Menjalani bulan madu romantis adalah impian Raya sejak dulu. Dengan Fatta tentu saja. Tapi saat ini, laki-laki yang akhirnya menikahinya adalah Genta. Laki-laki baik yang begitu mencintainya. Raya menggenggam erat tangan Genta begitu ia melangkah memasuki Kampung Sampireun. Raya mengedarkan pandangannya dan mendesah bahagia menatap pemandangan alam pedesaan, menghadirkan suasana kampung tatar Sunda. Hembusan angin lembut membelai pipi Raya dan ia memejamkan mata begitu mendengar alunan musik tradisional. Genta tersenyum dan menyentuh pipi istrinya.

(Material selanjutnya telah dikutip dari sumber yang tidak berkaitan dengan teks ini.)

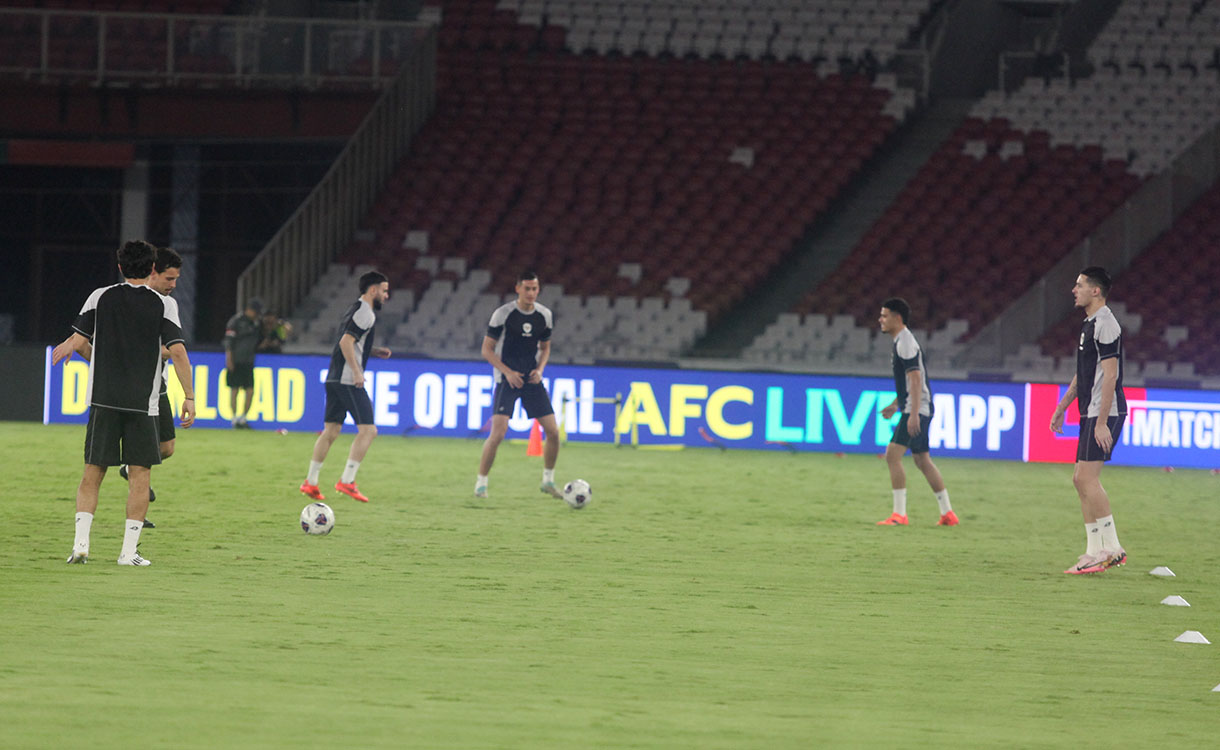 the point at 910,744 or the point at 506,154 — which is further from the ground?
the point at 506,154

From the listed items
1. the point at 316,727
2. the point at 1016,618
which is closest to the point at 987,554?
the point at 1016,618

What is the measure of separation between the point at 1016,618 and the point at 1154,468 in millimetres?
13495

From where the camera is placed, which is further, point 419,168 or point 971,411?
point 419,168

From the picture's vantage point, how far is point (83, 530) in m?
9.64

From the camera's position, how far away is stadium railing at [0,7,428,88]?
26672 mm

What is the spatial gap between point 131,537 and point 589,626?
11.1 ft

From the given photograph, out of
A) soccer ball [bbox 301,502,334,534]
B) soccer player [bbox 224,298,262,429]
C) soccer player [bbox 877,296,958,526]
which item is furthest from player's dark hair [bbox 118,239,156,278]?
soccer player [bbox 224,298,262,429]

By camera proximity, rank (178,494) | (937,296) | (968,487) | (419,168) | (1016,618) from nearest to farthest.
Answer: (1016,618) < (178,494) < (968,487) < (937,296) < (419,168)

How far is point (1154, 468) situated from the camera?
69.9 ft

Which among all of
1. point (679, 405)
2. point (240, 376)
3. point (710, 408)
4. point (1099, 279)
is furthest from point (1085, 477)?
point (240, 376)

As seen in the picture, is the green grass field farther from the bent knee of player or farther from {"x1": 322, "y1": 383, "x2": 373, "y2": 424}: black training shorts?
{"x1": 322, "y1": 383, "x2": 373, "y2": 424}: black training shorts

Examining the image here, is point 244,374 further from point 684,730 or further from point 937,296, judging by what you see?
point 684,730

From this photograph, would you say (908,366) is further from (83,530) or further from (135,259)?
(83,530)

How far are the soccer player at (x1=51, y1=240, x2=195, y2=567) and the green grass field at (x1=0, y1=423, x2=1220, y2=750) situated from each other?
0.75m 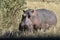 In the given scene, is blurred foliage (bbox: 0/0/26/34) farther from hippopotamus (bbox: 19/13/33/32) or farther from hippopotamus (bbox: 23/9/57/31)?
hippopotamus (bbox: 19/13/33/32)

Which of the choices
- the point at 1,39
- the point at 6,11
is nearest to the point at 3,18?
the point at 6,11

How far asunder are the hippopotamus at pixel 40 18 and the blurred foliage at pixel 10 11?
1571mm

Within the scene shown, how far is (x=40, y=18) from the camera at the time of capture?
400 inches

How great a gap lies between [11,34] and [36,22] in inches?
57.4

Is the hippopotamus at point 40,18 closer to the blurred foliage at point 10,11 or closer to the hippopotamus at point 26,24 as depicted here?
the hippopotamus at point 26,24

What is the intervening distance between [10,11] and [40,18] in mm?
2525

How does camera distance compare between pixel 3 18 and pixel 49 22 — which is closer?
pixel 49 22

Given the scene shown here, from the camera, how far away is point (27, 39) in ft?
24.9

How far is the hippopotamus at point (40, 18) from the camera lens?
967 centimetres

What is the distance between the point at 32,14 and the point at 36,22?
0.31 meters

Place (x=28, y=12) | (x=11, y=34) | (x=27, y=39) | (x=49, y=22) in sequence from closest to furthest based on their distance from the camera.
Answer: (x=27, y=39)
(x=11, y=34)
(x=28, y=12)
(x=49, y=22)

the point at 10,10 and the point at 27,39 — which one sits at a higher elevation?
the point at 10,10

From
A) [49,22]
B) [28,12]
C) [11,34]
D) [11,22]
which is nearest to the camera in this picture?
[11,34]

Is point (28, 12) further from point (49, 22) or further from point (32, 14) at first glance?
point (49, 22) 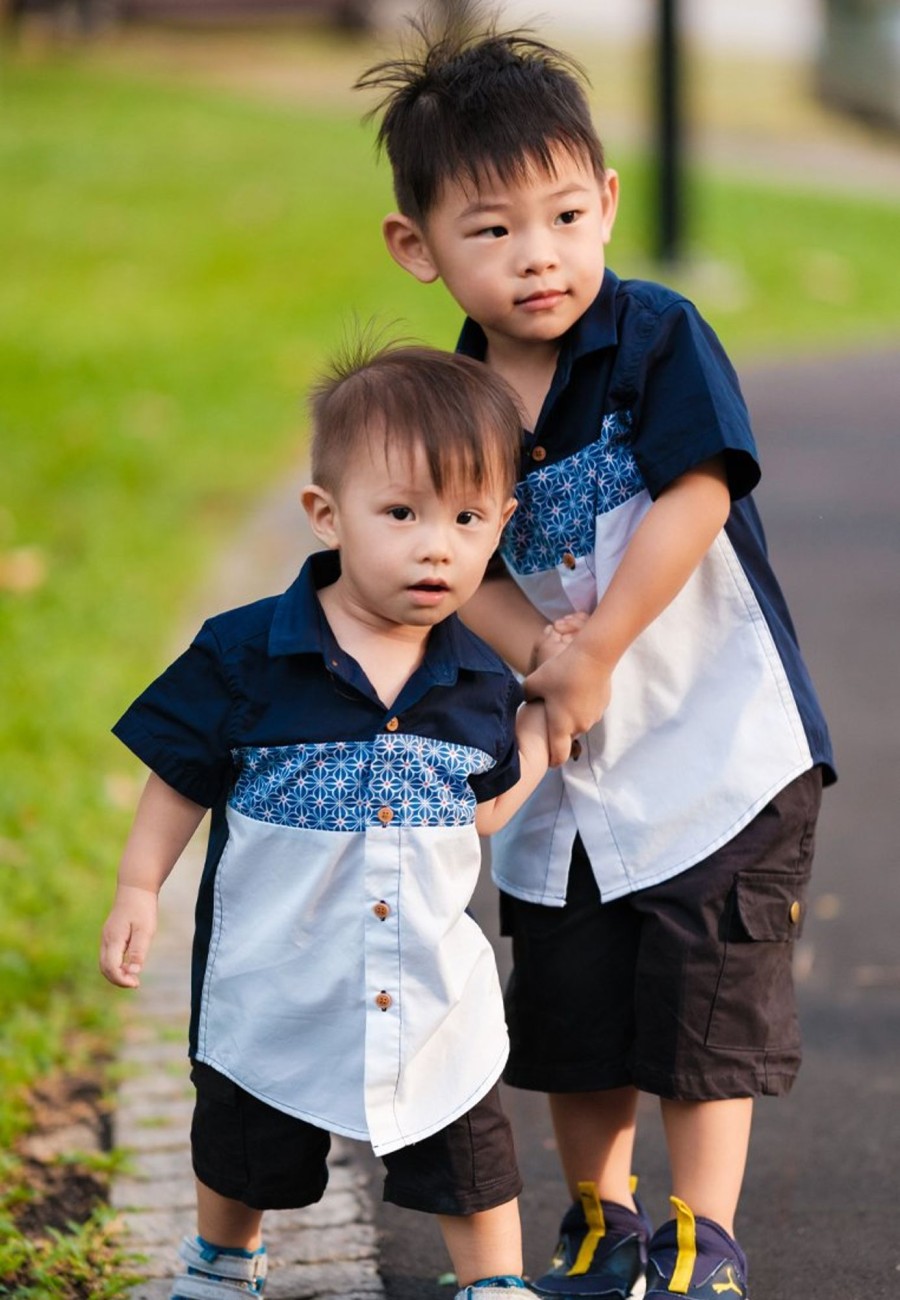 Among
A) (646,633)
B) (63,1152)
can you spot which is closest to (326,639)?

“Cantik sekali,” ujar Raya sambil tersenyum.
Genta mendekatkan kepalanya dan berbisik, “Secantik kamu.”
Raya tersipu dan mengerjap, “Ini... benar-benar bulan madu sempurna.”
Raya sedang menyelupkan kakinya di air danau ketika ia memandangi bentangan langit biru dengan burung-burung merpati putih yang berterbangan. Gemericik air danau dan desau angin yang membelai pucuk-pucuk pohon bambu terdengar bagai simfoni orkestra alam yang memabukkan. Benar-benar bulan madu sempurna dengan suami terbaik yang turun dari dari langit. Apa lagi yang kurang? Oh My…

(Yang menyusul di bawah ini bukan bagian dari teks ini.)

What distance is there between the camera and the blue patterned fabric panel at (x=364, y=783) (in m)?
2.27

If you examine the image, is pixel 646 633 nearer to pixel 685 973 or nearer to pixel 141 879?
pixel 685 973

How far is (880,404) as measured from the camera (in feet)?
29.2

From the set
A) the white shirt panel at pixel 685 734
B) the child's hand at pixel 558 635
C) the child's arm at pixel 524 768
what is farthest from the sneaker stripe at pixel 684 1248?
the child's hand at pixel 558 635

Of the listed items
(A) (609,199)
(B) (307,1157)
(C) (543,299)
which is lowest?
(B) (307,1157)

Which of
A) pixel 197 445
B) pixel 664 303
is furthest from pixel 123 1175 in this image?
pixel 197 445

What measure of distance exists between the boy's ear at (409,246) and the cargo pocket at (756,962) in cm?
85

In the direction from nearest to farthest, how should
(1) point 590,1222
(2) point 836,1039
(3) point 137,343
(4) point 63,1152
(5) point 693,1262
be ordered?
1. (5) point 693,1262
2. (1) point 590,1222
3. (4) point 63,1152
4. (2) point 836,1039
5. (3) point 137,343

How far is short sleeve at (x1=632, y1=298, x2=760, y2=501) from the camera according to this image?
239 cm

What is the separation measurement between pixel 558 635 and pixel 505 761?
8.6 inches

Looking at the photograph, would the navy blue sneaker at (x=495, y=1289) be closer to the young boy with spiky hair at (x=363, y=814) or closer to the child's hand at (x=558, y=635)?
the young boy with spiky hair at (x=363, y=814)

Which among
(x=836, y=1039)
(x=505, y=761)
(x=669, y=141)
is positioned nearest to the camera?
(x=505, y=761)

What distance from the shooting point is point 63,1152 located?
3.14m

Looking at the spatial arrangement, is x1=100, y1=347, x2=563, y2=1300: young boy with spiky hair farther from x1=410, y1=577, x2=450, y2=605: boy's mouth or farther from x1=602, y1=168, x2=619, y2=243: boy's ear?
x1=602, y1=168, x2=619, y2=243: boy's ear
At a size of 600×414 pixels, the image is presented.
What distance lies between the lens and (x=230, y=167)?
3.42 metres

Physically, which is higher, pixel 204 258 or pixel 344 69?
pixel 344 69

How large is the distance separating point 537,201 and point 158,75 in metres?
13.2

Raya menatap sepasang merpati putih yang tengah meliuk memadu kasih itu, ketika tanpa sadar bibir mungilnya menyenandungkan Free as a bird nya The Beatles. Sebuah lagu lama yang sangat di sukai Fatta.

Free as a bird
Is the next best thing to be
Free as a bird
Home
Home and dry
Like a bird on wings
Whatever happened to
The life that we once knew
Can we really live without each other?
When did we lose the touch
That seemed to mean so much
It always made me feel so
Free as a bird
Is the next best thing to be
Home
Home and dry
Like a homing bird that files
As a bird on wings

Whatever happened to
The life that we once knew
Always made me feel so
Free as a bird
Free as a bird
That’s the next best thing to be
Free as a bird
Free as a bird
Free as a bird

“Cantik, Ra?” tanya Genta yang tiba-tiba sudah ikut berdiri di samping Raya.
Raya menoleh dan tersenyum lembut, “Banget! Lihat burungnya.”

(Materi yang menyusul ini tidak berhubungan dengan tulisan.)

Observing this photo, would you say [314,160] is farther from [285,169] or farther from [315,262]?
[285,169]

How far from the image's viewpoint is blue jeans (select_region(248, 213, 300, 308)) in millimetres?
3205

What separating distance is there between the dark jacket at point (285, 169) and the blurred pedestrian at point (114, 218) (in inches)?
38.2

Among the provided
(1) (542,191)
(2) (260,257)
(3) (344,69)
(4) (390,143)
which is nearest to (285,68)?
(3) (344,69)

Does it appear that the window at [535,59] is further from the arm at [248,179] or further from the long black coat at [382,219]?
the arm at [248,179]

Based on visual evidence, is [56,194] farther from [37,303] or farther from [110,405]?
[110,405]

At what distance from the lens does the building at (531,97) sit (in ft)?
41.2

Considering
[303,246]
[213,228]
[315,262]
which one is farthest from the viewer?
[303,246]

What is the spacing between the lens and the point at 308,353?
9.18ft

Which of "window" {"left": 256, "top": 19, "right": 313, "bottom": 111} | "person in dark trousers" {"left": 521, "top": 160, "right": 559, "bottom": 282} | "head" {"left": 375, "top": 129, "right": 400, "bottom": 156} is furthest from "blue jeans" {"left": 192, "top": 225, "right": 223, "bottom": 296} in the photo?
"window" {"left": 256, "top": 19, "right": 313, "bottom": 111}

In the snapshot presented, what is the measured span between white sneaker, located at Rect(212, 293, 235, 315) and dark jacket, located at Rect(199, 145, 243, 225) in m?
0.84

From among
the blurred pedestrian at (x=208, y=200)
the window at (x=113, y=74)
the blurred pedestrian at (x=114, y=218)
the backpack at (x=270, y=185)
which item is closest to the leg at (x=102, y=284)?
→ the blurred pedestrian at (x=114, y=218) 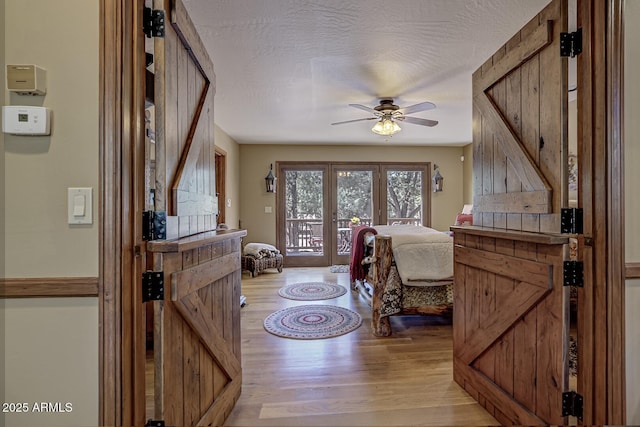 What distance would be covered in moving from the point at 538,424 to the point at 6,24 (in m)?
2.66

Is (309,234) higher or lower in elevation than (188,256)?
lower

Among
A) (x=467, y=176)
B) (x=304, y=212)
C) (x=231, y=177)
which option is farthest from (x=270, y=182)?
(x=467, y=176)

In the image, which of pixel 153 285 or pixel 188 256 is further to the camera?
pixel 188 256

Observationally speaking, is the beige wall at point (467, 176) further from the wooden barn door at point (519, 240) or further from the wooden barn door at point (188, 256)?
the wooden barn door at point (188, 256)

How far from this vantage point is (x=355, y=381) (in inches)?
81.0

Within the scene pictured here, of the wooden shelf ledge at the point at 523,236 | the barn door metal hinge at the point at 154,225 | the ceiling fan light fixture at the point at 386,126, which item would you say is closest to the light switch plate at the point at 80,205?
the barn door metal hinge at the point at 154,225

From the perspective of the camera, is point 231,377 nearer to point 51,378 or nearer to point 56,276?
point 51,378

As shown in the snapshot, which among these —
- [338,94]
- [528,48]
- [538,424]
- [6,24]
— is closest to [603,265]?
[538,424]

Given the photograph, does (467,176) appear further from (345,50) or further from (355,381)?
(355,381)

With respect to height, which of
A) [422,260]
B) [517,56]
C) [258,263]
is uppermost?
[517,56]

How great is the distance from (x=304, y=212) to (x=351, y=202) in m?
0.98

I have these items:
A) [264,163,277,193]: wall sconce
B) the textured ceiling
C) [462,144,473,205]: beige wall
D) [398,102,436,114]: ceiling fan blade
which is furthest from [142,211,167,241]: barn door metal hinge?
[462,144,473,205]: beige wall

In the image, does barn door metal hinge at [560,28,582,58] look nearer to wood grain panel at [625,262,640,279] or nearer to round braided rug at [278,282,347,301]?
wood grain panel at [625,262,640,279]

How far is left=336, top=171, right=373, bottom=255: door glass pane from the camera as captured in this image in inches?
247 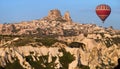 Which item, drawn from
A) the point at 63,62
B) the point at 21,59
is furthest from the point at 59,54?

“Kenapa burungnya?” tanya Genta.
“Burung itu cantik, putih dan bebas. Burung itu simbol kebebasan. Mereka dapat terbang dan pergi kemana aja. Ketika mereka terbang untuk waktu yang lama mereka akan tetap menemukan jalannya untuk kembali pulang. A homing bird. Tapi manusia gak seperti itu, beberapa dari mereka pergi dan tidak akan pernah kembali,” gumam Raya muram.
Genta menatap wajah Raya yang berkabut dan mengerti arah pembicaraannya. Tentu saja Fatta. Dan Genta memang berharap Fatta tidak akan pernah kembali. Tidak satu kali pun.
“Kamu tau,” desah Raya sembari menatap angkasa, “Burung merpati, dimana pun ia akan dilepaskan, kemana pun ia akan terbang, ia akan kembali ke rumahnya. Kembali ke tempat dimana ia merasa nyaman. Dimana ia tahu ada pasangan hidupnya yang menunggu di sarang mereka. Karena merpati itu setia, Genta. Dan mereka romantis, juga selalu dapat bekerja sama baik dalam membuat sarang atau mengerami telur. Mereka bersama dan saling mengerti tanpa syarat.”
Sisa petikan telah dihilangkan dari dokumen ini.